Kuala Lumpur in lockdown to stem Covid-19
As of today schools and non-essential activities closed. Of the 2,800 victims registered since the beginning of the health emergency, more than 40% recorded in May. Infections are also on the rise in Thailand and Vietnam, where a new variant has emerged. Restrictions also in Singapore.
Kuala Lumpur (AsiaNews / Agencies) - This morning the Kuala Lumpur government imposed a national lockdown to counter the increase in cases of Covid-19, which has recently been spreading to various nations of Southeast Asia, from Thailand to Vietnam where a new variant has emerged. Much of the region survived the first wave of the pandemic unscathed last year, thanks to the rapid closure of borders and the introduction of restrictions that, today, seem to be less effective.
The experts are particularly interested in Thailand and Vietnam, where the most recent outbreaks are recorded and the threshold of attention is highest. The increase in cases is also linked to the population’s weariness and intolerance of restrictions and to a slow-moving vaccination campaign.

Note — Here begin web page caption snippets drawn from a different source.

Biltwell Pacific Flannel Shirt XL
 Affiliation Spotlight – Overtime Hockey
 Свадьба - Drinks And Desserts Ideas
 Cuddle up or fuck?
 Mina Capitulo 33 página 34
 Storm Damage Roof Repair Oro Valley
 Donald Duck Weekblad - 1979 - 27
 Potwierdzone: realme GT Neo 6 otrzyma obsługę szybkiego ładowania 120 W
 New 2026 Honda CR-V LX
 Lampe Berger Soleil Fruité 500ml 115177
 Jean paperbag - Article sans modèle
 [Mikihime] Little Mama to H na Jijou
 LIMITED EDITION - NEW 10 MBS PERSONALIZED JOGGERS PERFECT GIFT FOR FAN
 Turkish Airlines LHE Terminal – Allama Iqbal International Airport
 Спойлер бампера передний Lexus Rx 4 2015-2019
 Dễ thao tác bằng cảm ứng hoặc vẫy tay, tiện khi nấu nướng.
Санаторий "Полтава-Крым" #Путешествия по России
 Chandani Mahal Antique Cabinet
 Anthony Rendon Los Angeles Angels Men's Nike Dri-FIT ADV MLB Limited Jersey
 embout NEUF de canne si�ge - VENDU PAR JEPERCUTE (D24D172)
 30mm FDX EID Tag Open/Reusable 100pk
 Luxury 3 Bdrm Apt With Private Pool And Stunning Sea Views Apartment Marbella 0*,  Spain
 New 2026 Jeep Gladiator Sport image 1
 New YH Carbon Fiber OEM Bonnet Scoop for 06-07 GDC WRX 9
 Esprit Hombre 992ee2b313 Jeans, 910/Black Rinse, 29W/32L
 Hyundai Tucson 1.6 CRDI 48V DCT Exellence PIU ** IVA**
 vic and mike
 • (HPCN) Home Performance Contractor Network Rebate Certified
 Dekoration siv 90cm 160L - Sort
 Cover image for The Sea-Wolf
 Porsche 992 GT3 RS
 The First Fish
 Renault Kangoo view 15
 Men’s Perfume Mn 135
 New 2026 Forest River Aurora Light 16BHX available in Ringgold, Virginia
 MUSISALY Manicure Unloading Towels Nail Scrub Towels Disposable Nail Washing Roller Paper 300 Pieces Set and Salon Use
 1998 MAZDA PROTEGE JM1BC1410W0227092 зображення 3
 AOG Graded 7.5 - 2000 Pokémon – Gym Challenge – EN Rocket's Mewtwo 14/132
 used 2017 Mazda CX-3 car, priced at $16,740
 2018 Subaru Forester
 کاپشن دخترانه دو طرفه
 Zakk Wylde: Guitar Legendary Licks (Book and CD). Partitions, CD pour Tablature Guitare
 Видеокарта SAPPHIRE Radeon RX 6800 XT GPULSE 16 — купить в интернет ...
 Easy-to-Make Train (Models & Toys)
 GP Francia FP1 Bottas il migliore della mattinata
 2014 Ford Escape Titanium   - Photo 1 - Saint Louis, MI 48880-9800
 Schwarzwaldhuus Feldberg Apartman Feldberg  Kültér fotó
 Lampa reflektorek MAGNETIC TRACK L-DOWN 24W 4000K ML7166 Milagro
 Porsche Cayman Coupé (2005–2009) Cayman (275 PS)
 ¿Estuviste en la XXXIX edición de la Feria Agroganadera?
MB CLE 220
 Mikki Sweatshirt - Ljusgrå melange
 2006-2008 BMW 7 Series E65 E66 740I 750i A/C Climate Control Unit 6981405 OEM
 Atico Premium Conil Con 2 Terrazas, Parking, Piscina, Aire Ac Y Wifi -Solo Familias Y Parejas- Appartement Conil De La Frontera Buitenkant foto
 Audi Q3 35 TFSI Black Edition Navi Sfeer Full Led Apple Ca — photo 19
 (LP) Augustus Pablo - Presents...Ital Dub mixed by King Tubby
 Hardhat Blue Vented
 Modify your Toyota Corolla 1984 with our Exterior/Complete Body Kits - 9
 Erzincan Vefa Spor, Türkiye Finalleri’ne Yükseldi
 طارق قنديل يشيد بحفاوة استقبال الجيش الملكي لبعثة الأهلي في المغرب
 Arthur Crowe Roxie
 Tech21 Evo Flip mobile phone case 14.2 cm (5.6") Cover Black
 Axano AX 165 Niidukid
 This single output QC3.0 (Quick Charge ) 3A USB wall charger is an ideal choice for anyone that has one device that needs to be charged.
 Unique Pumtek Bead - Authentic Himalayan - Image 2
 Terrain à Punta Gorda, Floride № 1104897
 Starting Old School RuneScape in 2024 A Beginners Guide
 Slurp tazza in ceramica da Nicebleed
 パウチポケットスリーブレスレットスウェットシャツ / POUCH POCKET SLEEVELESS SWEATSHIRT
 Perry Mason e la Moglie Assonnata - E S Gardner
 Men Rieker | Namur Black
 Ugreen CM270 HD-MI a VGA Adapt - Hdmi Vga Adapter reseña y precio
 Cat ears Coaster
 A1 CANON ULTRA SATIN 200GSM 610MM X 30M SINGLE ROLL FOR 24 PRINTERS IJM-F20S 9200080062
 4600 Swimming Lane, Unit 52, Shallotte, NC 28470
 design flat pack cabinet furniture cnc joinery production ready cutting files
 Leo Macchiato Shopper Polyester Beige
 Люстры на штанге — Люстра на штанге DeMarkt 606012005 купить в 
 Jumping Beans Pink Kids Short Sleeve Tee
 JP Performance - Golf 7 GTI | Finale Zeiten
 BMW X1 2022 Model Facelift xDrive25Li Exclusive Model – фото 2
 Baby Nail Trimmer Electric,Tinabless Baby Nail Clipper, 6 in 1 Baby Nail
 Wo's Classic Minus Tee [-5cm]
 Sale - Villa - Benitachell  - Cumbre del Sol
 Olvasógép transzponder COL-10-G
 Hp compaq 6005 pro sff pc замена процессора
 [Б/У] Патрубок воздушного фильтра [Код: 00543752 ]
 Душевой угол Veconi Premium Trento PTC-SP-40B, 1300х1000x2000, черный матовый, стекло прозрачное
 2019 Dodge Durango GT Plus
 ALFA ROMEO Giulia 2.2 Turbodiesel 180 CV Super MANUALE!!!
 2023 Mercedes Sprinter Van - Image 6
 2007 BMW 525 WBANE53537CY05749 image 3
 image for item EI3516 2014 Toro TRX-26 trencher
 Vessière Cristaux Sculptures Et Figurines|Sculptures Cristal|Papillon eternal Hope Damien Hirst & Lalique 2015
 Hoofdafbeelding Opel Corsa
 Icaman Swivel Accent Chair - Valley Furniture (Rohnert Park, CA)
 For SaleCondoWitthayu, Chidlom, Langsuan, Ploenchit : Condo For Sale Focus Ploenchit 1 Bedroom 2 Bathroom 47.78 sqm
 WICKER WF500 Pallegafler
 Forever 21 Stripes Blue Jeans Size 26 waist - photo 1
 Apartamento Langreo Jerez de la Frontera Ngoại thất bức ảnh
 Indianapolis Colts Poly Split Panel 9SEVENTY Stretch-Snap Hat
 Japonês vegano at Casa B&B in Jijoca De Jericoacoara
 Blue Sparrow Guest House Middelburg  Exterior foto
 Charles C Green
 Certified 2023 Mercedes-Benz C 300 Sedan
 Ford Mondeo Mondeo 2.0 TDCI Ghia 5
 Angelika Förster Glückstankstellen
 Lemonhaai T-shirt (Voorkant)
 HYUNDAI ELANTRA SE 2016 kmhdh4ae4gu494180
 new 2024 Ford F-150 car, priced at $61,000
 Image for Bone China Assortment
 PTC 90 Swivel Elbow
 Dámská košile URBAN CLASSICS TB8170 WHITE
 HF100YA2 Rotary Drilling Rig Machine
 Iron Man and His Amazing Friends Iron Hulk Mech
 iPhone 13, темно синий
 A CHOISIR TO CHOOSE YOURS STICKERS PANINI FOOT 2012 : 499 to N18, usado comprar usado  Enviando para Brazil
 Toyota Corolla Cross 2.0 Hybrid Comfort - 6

The situation in Malaysia is progressively worsening and the numbers confirm this: in a nation of 32 million inhabitants, over 40% of the 2,800 victims recorded since the beginning of the pandemic date back to May. The official infections are more than 570 thousand, with a record number last week.
The curve up, in addition to the variants that are emerging in the region, there are also the meetings and celebrations between March and April for Ramadan and the feast of Eid-al-Fitr, which marks the end of the holy month. of fasting and prayer for Muslims. In a nation with an Islamic majority, citizens have on several occasions ignored, or challenged, government directives by meeting and celebrating.
The lockdown in force from today provides for the closure of all non-essential activities: therefore only supermarkets and medical clinics will remain open. Most of the schools are closed and citizens can only go out for emergency situations or needs. For months, travel has been prohibited in most regions. The closures, while responding to requests for intervention from citizens, risk destroying permanently activities and businesses that have struggled in the last year to stay open and not fail.
"The impact of the coronavirus on small businesses like mine is devastating," says Lilian Chua, who runs a hair salon in the capital that is set to close, perhaps forever. "The government imposes a lockdown - adds the 42-year-old - but the virus is in the air. In fact, they should speed up the vaccination campaign” in a country where just over 6% of the total has received at least one dose.
A new variant emerged over the weekend in Vietnam, which appears to be a combination of the British and Indian strains, although experts warn that more studies are needed to understand its danger and degree of transmissibility.
In Thailand it was the overcrowded prisons that caused infections to grow so much that today there are over 4 thousand cases a day.
Restrictions are also being placed in Singapore, which for months has not seen cases of internal transmissions. In the Philippines, the government imposed a lockdown in and around Manila in March, but the measures were relaxed following a gradual reduction in infections. Infections, on the other hand, remain stable in Indonesia, which was hit hard last year in the early stages of the global emergency.